Business Owners Shift From Reacting to Risk to Planning Around It, Gallagher Survey Finds
Business owners across the U.S. are no longer treating major threats as isolated events to manage on the fly and instead are building sustained strategies around them, according to Gallagher’s 2026 Business Owners Survey, which polled 1,000 U.S. business owners about the challenges they face and how they are responding.
The survey also found that 76% of business owners say worries about their businesses are more likely to keep them up at night than personal matters such as family, underscoring the weight that commercial risk now carries in owners’ day-to-day lives.
The survey, now in its fourth year, identified three primary areas driving concern: supply chain disruption, weather and climate, and artificial intelligence and cyber threats. Across all three, owners reported treating risk as embedded in their operating environment rather than episodic.
Coverage Gaps Drive Demand for Expanded Insurance
Despite reporting broad existing coverage, business owners expressed a strong desire to add or expand multiple lines. Cyber coverage drew interest from 44% of respondents, up from 36% in 2025. Property insurance was close behind at 43%, up from 39% the prior year. Business owners’ policy coverage and flood insurance also saw notable increases in demand, rising to 38% and 36%, respectively, compared with 33% and 29% in 2025.
Gallagher noted that property insurance and cyber insurance were the only two coverage types that owners said they wanted to increase in 2025 that showed actual policy increases in 2026.
Business interruption coverage and product recall insurance appeared as new response options in this year’s survey, with 31% and 21% of owners expressing interest, respectively. Interest in several other lines declined compared with 2025. Employment practices liability fell to 28% from 31%, professional liability dropped to 27% from 34%, and directors and officers liability fell to 19% from 30%.
The reasons owners cited for wanting to expand coverage pointed to a concern about gaps: business owners reported worrying more than ever that their insurance would not cover a specific event or loss, the report said.
Claims Activity Dropped, but Large Losses Remain
Claims frequency and severity both fell in 2025. Sixty-five percent of respondents said they filed a business insurance claim during the year, down from 87% in 2024. Among those who did file a claim, 39% reported a claim of $25,000 or more, down from 73% in 2024.

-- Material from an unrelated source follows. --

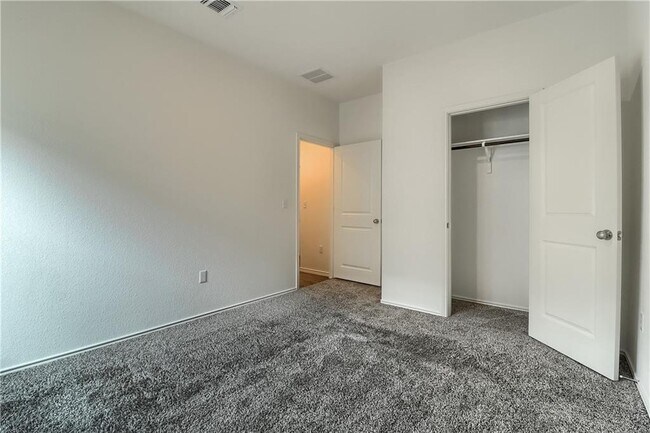 Building Photo - 7213 Tonka Ln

In 2025 the most common claims were for property and cyber, each cited by 22% of respondents, followed by flood insurance (17%) and product liability insurance (16%). In 2024, the top claims were for property (29%), employment practices liability insurance (28%) and cyber and flood insurance, each at 27%.
Broader Concerns Persist Across the Business Environment
Beyond the three primary risk categories, the survey captured widespread anxiety on several other fronts. Geopolitical uncertainty continued to weigh on business owners, with 90% reporting they were at least somewhat concerned, consistent with the 91% who said the same in 2025.
Crime remained a top worry as well, with 92% of respondents expressing at least some concern, consistent with 93% in 2025. And talent pressures showed no sign of easing, with 91% of owners saying attracting and retaining employees was at least a somewhat significant concern.
Taken together, the survey’s findings reflect what Gallagher described as a deeper shift in how business owners approach risk. Rather than reacting to disruption, they are recalibrating around sustained exposure to trade uncertainty, cyber threats, and extreme weather, the report said.